La obsesión de Donald Trump con erradicar los cárteles del narcotráfico mexicanos, al punto de designarlos como organizaciones terroristas extranjeras (FTO) mediante una orden ejecutiva del 20 de enero de 2025, responde a una mezcla de prioridades políticas, estratégicas y simbólicas, pero su silencio sobre los cárteles estadounidenses revela contradicciones en su enfoque. Esta política, que intensifica la presión sobre México, se enmarca en un contexto de seguridad nacional, pero también en una narrativa electoral que busca resonar con su base.

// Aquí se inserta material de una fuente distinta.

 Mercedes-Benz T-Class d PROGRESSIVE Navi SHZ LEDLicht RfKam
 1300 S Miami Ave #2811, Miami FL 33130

Primero, la designación de cárteles como el de Sinaloa o Jalisco Nueva Generación como terroristas responde a la crisis de opioides en Estados Unidos, donde el fentanilo, mayormente traficado desde México, causó unas 70,000 muertes por sobredosis en 2024. Trump capitaliza este drama para proyectar una imagen de mano dura, prometiendo “eliminar” a los cárteles como parte de su agenda de seguridad fronteriza. Al clasificarlos como FTO, amplía las herramientas legales, permitiendo sanciones financieras, inteligencia militar y posibles operaciones especiales, lo que eleva el narcotráfico a amenaza de seguridad nacional.
Segundo, esta estrategia tiene un trasfondo geopolítico. Trump utiliza la designación para presionar a México, exigiendo mayor cooperación en migración y narcotráfico bajo amenaza de aranceles o acciones unilaterales. Al evitar mencionar cárteles estadounidenses, como las redes de distribución en ciudades como Chicago o Los Ángeles, Trump externaliza la culpa, presentando el problema como un asunto extranjero. Esto evita confrontar la complejidad interna del narcotráfico, donde actores locales facilitan el flujo de drogas, y refuerza su narrativa de una “invasión” desde el sur.

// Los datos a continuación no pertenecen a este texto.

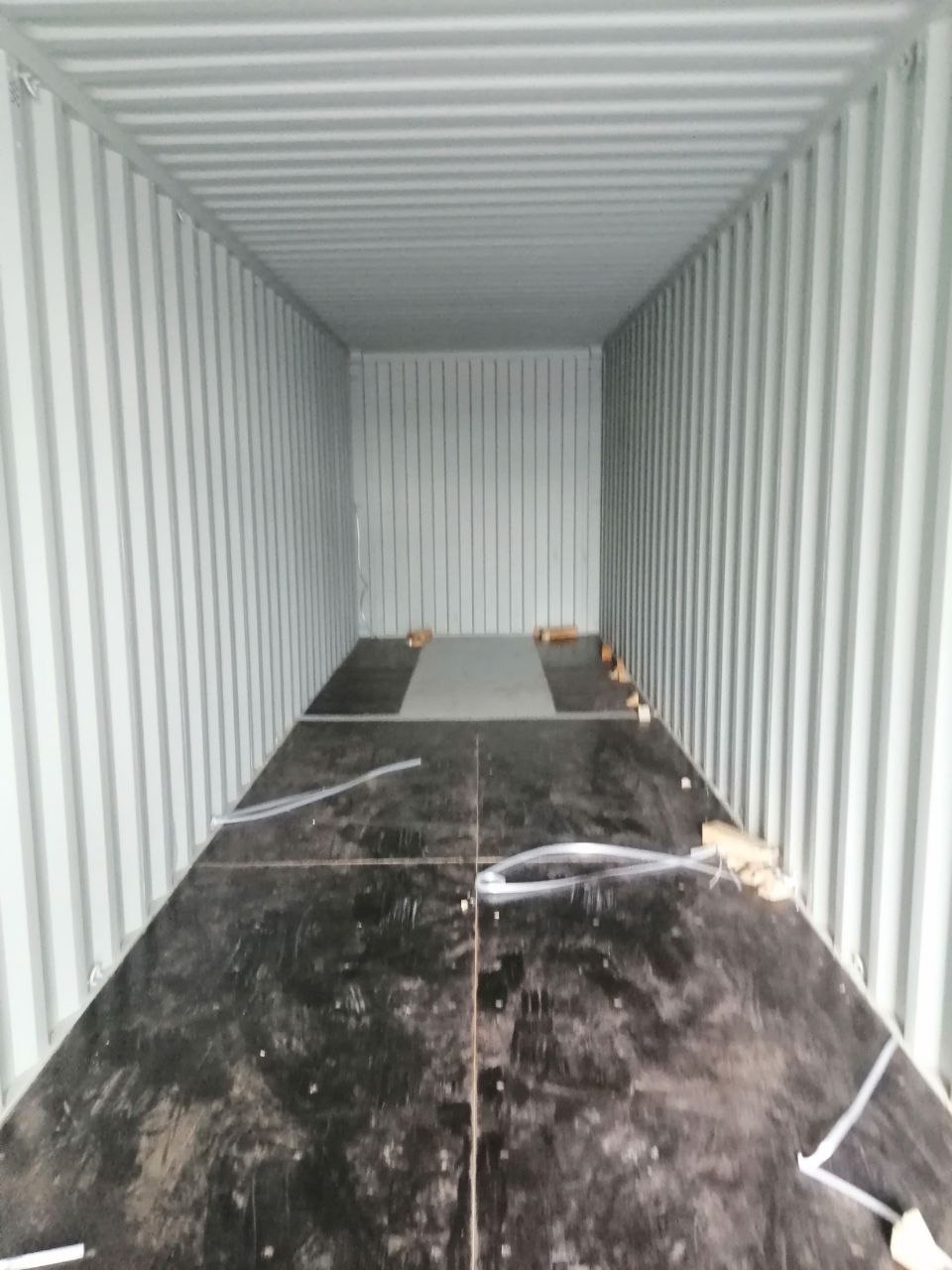 Морской контейнер CIMU0797713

Tercero, el enfoque selectivo de Trump tiene raíces políticas. Hablar solo de cárteles mexicanos apela a su base electoral, que asocia la frontera con crimen y desorden. Al no mencionar redes estadounidenses, evita alienar a comunidades locales o sectores económicos implicados en el comercio ilícito, como pequeñas empresas que, sin saberlo, podrían estar vinculadas a actividades de lavado. Además, el término “terrorista” evoca una respuesta emocional fuerte, equiparando a los cárteles con grupos como ISIS, lo que justifica medidas drásticas sin necesidad de abordar la demanda interna de drogas, un factor clave según expertos como el Cato Institute.
Sin embargo, esta omisión plantea riesgos. Ignorar a los cárteles estadounidenses subestima su rol en la distribución y perpetúa una visión simplista que no aborda la raíz del problema: la demanda de drogas en Estados Unidos. Además, la designación como FTO podría escalar tensiones con México, que ve estas medidas como una amenaza a su soberanía, y generar retaliaciones de los cárteles contra ciudadanos estadounidenses, como advierte Brian Jenkins de RAND.
En conclusión, la obsesión de Trump con los cárteles mexicanos refleja una estrategia de seguridad, presión diplomática y cálculo político, pero su silencio sobre las redes internas revela un enfoque selectivo que podría limitar la eficacia de su política antidrogas.